No Brasil e no Peru, a produção de castanha tem-se mostrado uma atividade econômica que, na floresta, pode ser ao mesmo tempo rentável e ambientalmente sustentável. Cada ano, entre dezembro e março, essas árvores, muitas delas centenárias, soltam um coco onde estão guardadas as sementes da gostosa noz. Na zona de Madre de Dios, existem mais de 1,2 mil concessões de castanha cujas beneficiadas são principalmente famílias da região. O ano de 2005 foi, por exemplo, muito bom para essa atividade, já que o Peru exportou 18 milhões de dólares nessa noz da Amazônia. A estrada torna mais viável ainda o negócio porque diminui custos de transporte e facilita a abertura de mercados para o produto. E, ao mesmo tempo em que a produção cresce, a floresta se mantém intacta, pois, ao conservar os castanhos, também se preserva a floresta que os rodeia. Além disso, ao redor dessa produção, vários produtores que são ativos social e politicamente também se organizaram.

A velha exploração do látex natural da árvore de borracha ou seringueira, que tinha sido abandonada quando apareceram os materiais sintéticos no mercado, começa a retomar voo nos três países; é outra economia que pode ser rentável e sustentável na floresta. Comunidades em reservas florestais, como a de Manuripi, na Bolívia, já usam novas técnicas que lhes permitem fornecer um produto de melhor qualidade sem prejudicar as árvores. No Peru, a estrada tem atraído outra vez investidores franceses interessados em explorar a borracha e vendê-la no comércio internacional com carimbo verde, como garantia para quem comprá-la que está respaldando uma atividade econômica que protege a Amazônia.

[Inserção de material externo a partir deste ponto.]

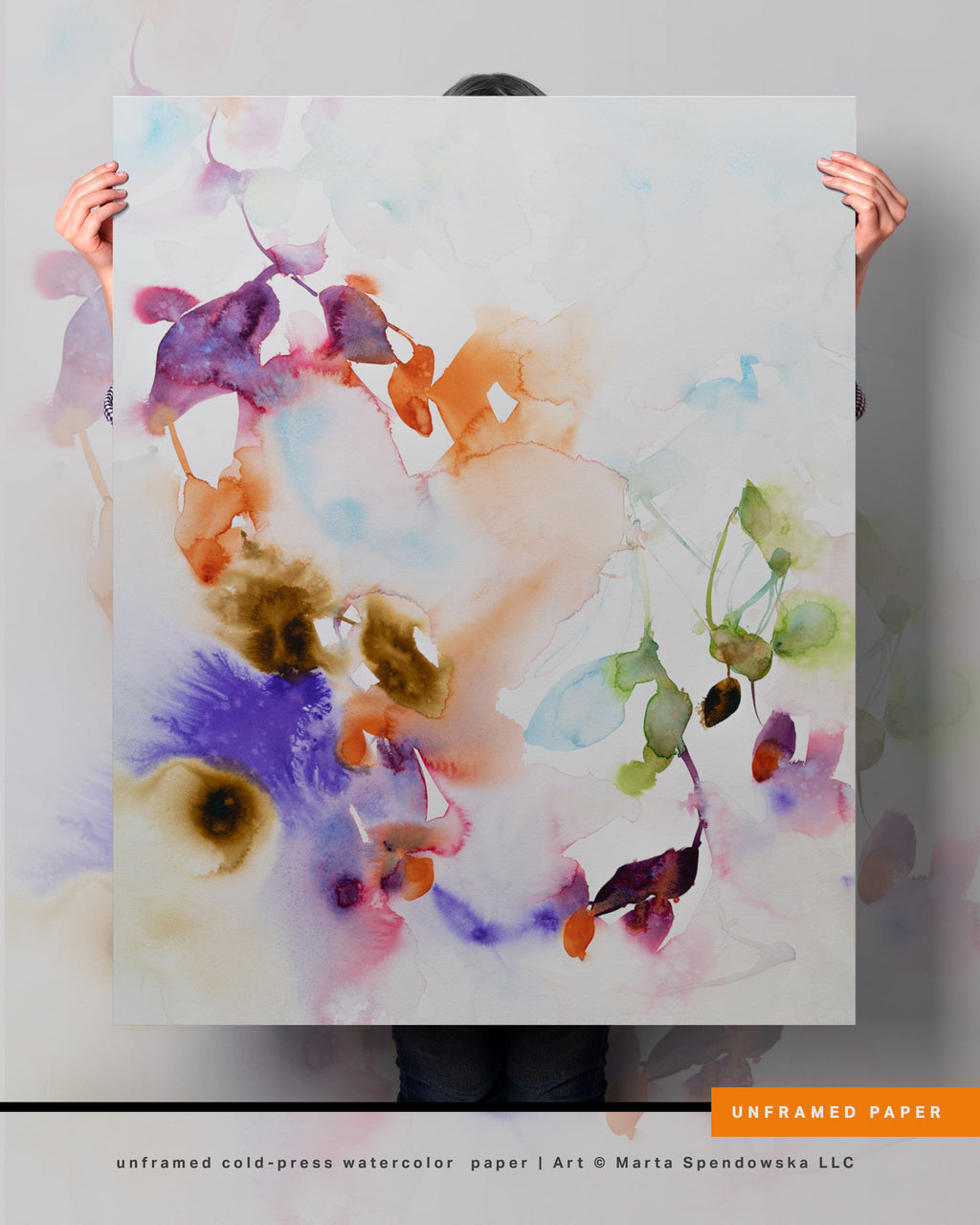 Wall Art Print Canvas Paper  | Rota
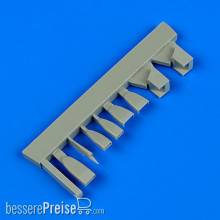 Quickboost QB48677 - 1:48 Su-9 Fishpot air scoops f.Trumpeter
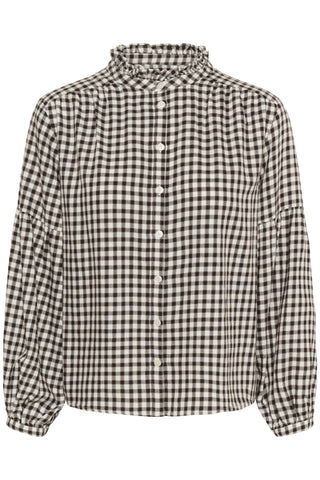 Part Two Samilla Gingham Shirt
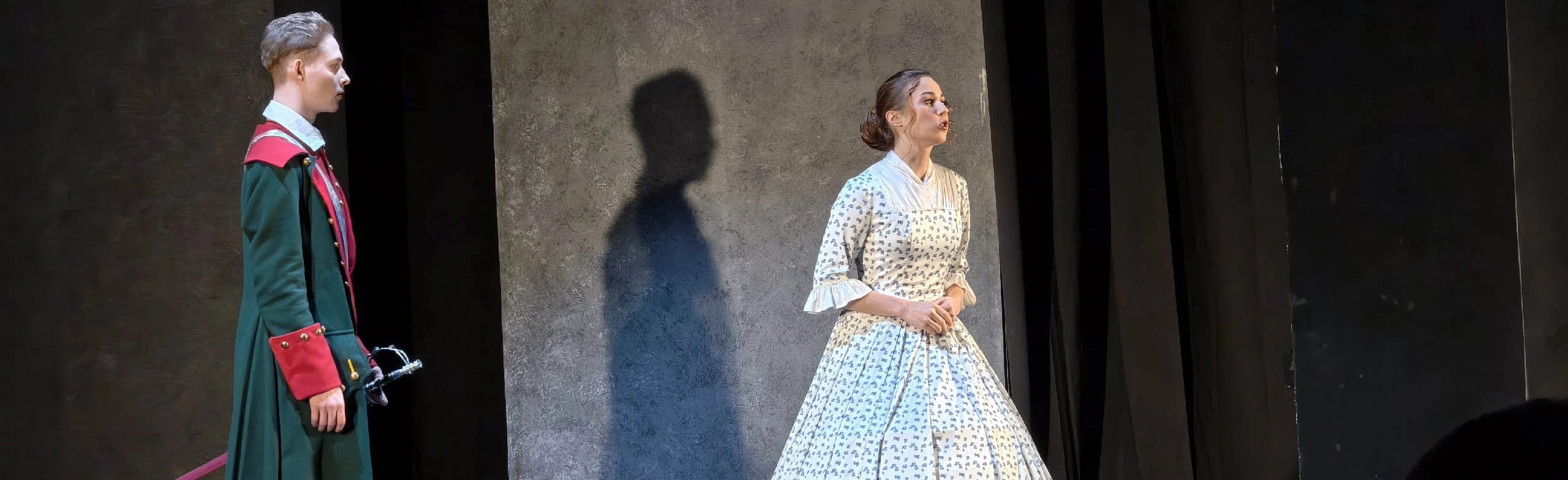 Постер Капитанская дочка. Фестиваль «Школьная классика» (Марийский театр юного зрителя)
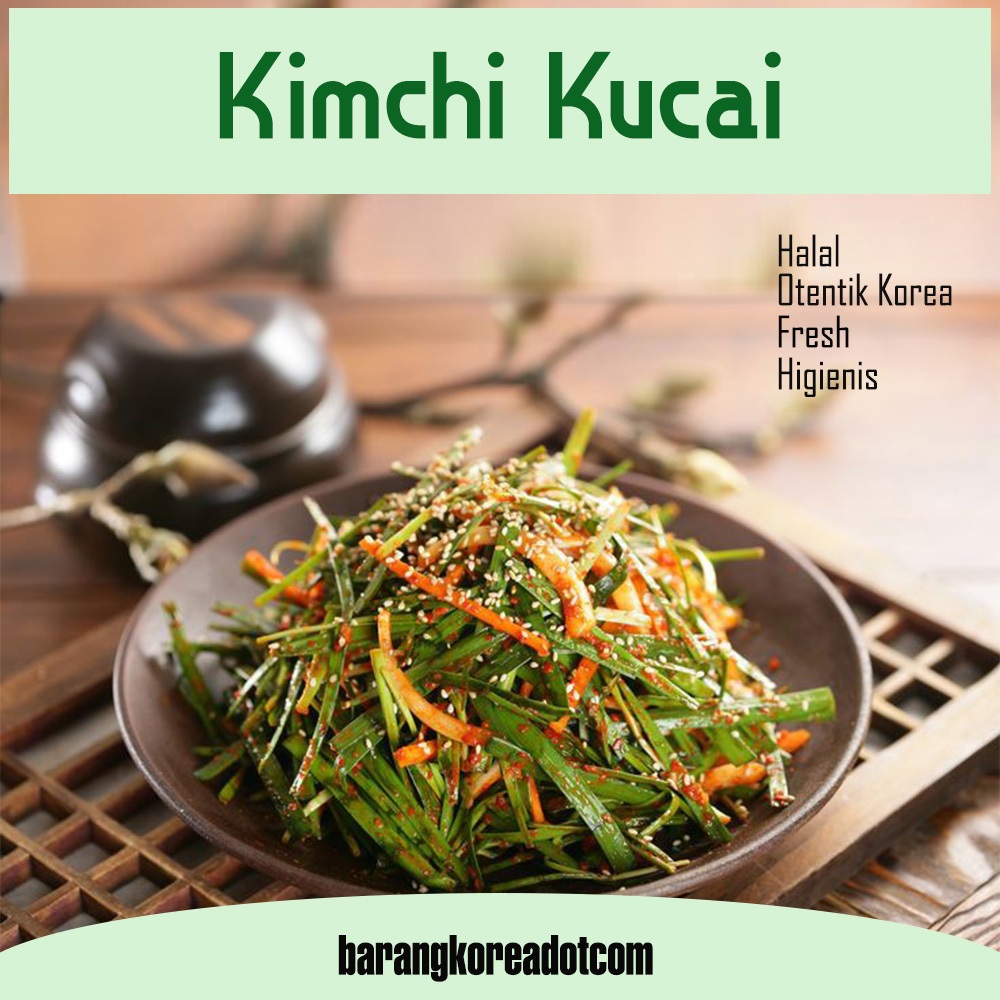 

Kimchi Kucai Halal
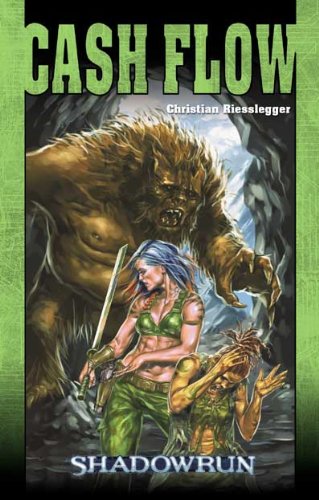 Cash flow: Ein Roman in der Welt von Shadowrun Fantasy & Sci-Fi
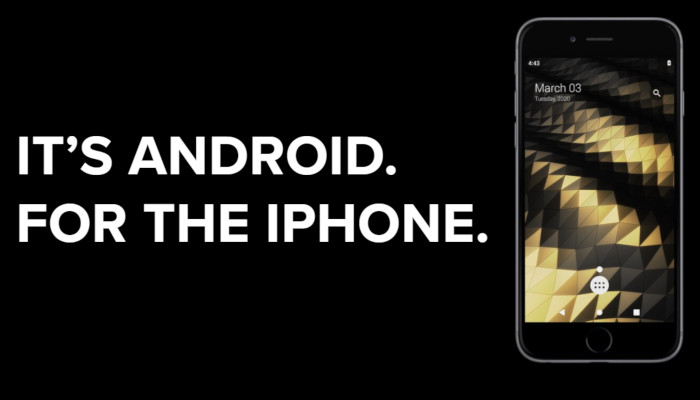 Android auf dem iPhone: Startup wirft Apple den Fehdehandschuh hin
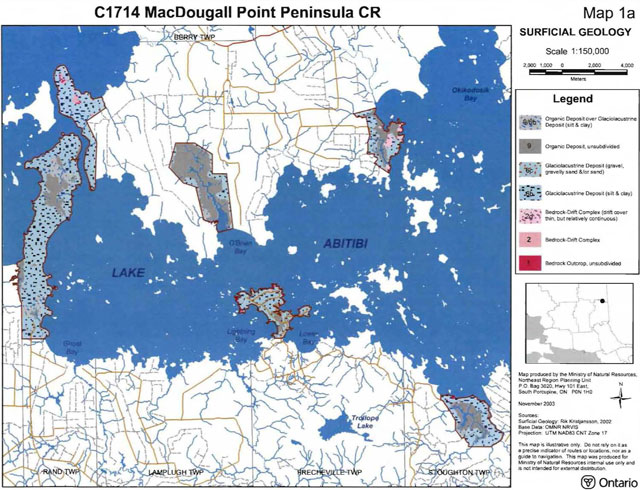 McDougal Point Peninsula Conservation Reserve Management Statement ...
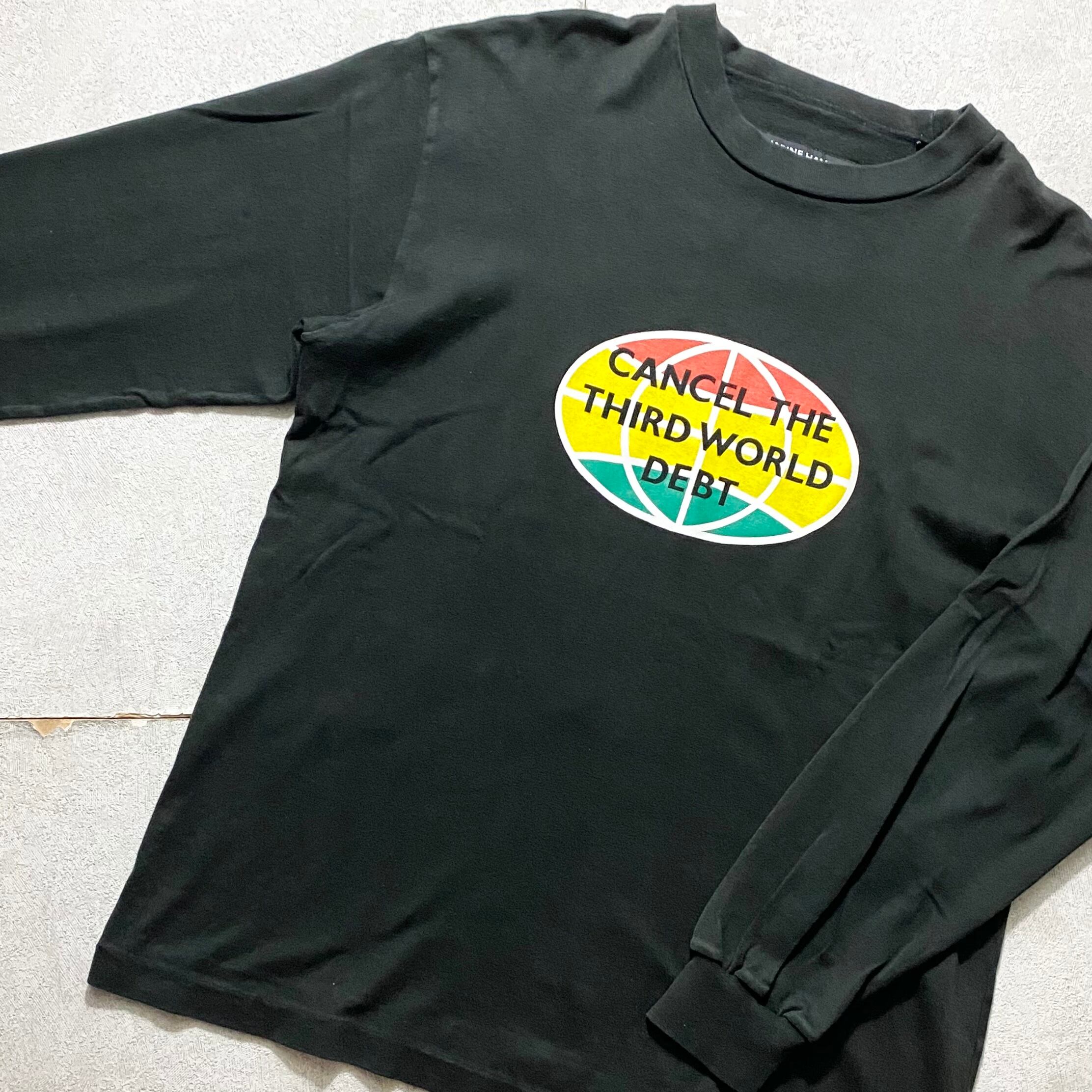KATHARINE HAMNETT long sleeves cut and sewn | NOIR ONLINE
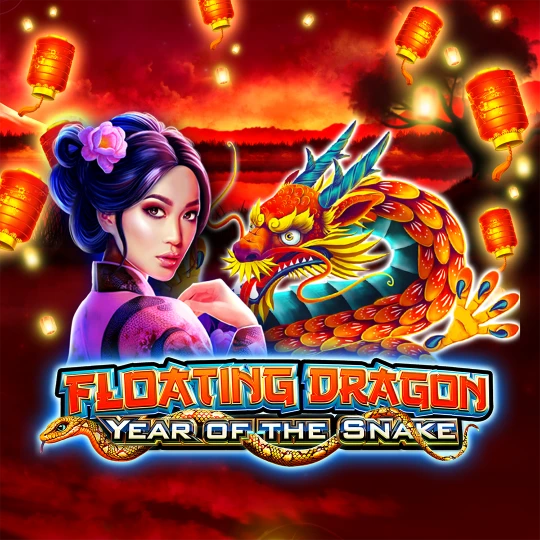 Floating Dragon – Year of the Snake - New Slot from your favorite Provider!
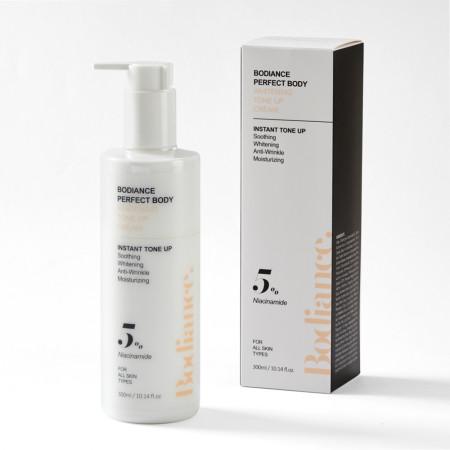 바디언스 퍼펙트 바디 미백 톤업 크림 300ml 겨드랑이 팔꿈치 색소침착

Apesar de a castanha e a borracha serem produções sustentáveis, agora com grande potencial na Amazônia graças à Interoceânica, contam com pouco respaldo oficial. Se os governos ajudassem a comercializá-las internacionalmente, enfatizando quanto contribuem para a preservação da floresta mais importante do planeta, os produtores poderiam vendê-las a melhores preços e poderiam ter mais estabilidade, já que há momentos em que esses produtos podem atingir preços que estão em torno de nove dólares o quilo, e outros onde não pagam mais de dois.

O ecoturismo abre outras possibilidades de desenvolvimento sustentável. E está crescendo a passos gigantes. Cada dia aterrizam no aeroporto de Puerto Maldonado, no Peru, cinco voos que somam uma média de 350 pessoas, principalmente turistas estrangeiros. Um dos visitantes recentes, em outubro de 2011, foi o britânico Mick Jagger, a lenda do rock, e a notícia vem atraindo mais turistas.

Outros visitantes também chegam pela nova estrada desde Cusco até o porto selvático. Há 16 viagens de ônibus por semana que cobrem este trajeto. Porém, ainda há muito campo para crescer, já que a maioria dos turistas brasileiros vai a Puerto Maldonado só de passagem para as ruínas de Machu Picchu e a bela Cusco, e muitos dos estrangeiros que chegam de avião são levados diretamente aos alojamentos ecológicos e gastam pouco no povoado.

A estrada que conecta os três países poderia ser uma bênção de desenvolvimento econômico e, ainda que pareça paradoxo, uma boa desculpa para melhorar a gestão ambiental e a proteção da floresta. Mas isso requer melhor legislação, mais recursos e maior visão para impulsionar as boas iniciativas.

O presidente regional de Madre de Dios, José Luis Aguirre, não é otimista. Ele diz que há muitos poderes, que os mineiros impedem que juízes e fiscais protejam o delicado ambiente e que, além de tudo, o governo central os abandonou. “Me sinto desesperado, perseguido” – disse. “Se não dermos o verdadeiro impulso e apoio econômico e estratégico, vamos nos render diante das máfias que operam aqui. Estou pensando em fazer um chamado internacional para salvar Madre de Dios”. Tomara que seu chamado aqui registrado ecoe.